According to their relationship with learning methods, feature selection techniques can be classified into three different classes: embedded, filter and wrapper methods.

Filter Methods

Filter models are based on the association between each feature and the variable to predict (class variable). These methods employ ranks based on statistical measures, and are independent of the machine learning model because operate on the features themselves, without considering the relationship between them and the specific model's internal mechanism. This means that filter methods can be applied with any algorithm or modeling technique.

One of the advantages of filter methods is their efficiency in terms of time consumption. They are computationally inexpensive and can handle large-scale datasets efficiently, making them an excellent choice for the data preprocessing step. They are faster compared to wrapper methods or embedded methods, which involve repeatedly training and evaluating the model.

Filter methods typically assign a score to each feature, reflecting its relevance or importance. These scores are calculated using statistical measures such as Pearson correlation coefficient, Chi-squared test and mutual information score.

Pearson correlation coefficient: It represent the linear relationship between each feature and the class variable. The the resulting values are in the range [-1,1] indicating the strength and direction of the correlation, so variables with high absolute correlation coefficients (close to 1 or -1) are considered more relevant.

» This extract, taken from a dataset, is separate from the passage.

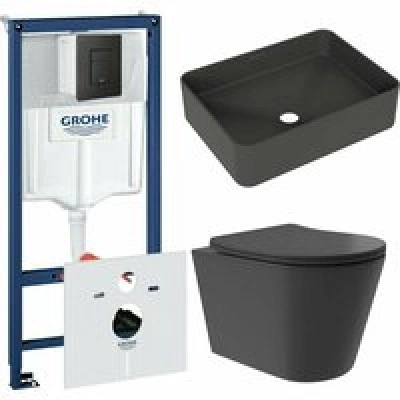 Комплект инсталляции GROHE Solido 38811KF0 с унитазом Aqueduto CONE Plus CONT0240 и раковиной Aqueduto ESPIRAL ESP0440 (NW0495) Комплект инсталляции GROHE Solido 38811KF0 с унитазом Aqueduto CONE Plus CONT0240 и раковиной Aqueduto ESPIRAL ESP0440 (NW0495)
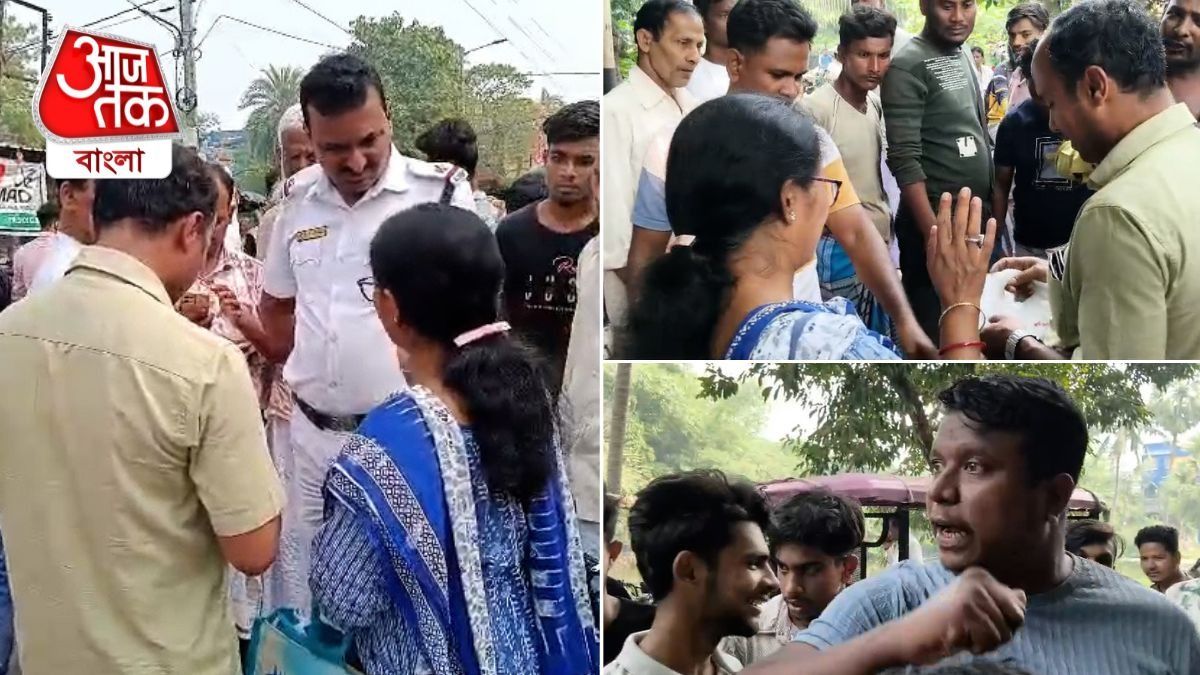 বাগনানে বিক্ষোভের মুখে মহিলা BLO, কাতর আর্জি, 'আমাকে কাজ করতেই হবে'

Mutual Information: It measures the amount of information shared between two variables. In the context of feature selection, it quantifies the amount of information that a feature provides about the class variable. Features with high mutual information scores are considered more informative and are likely to have a strong relationship with the class variable.

Chi-Square Test: This method is specifically used for categorical variables. It measures the dependence between each categorical feature and the class variable using the chi-square statistic. Higher chi-square values indicate a stronger association between the feature and the class variable.

Wrapper Methods

In simple words, Wrapper methods can be seen as "brute force" searching methods, because they select the subsets of features by evaluating the performance of a machine learning model, they tries different subset of features to train an specific machine learning model, and the subset with the best generalization performance is selected. Unlike filter methods that are independent of the machine learning model, wrapper methods select features based on the specific model's performance.

Wrapper methods have several advantages, like handling complex interactions between features and selecting features that are important for a specific model, rather than for the dataset as a whole. But, they can be computationally expensive and may overfit the training data if the number of features is too large.

The subsets are usually selected from a large feature pool using search algorithms such as forward selection, backward elimination, exhaustive search, recursive feature elimination, etc. These algorithms explore different combinations of features and evaluate their impact on the model's performance.

Forward Selection: This algorithm starts with an empty set of features and iteratively adds one feature at a time. At each step, it evaluates the performance of the model using a specific criterion (e.g. accuracy) and selects the feature that improves the performance the most.

Backward Elimination: It begins with a set of all available features and removes one feature at a time in each iteration. The algorithm evaluates the model's performance after removing each feature and eliminates the one that has the least impact on the model's performance.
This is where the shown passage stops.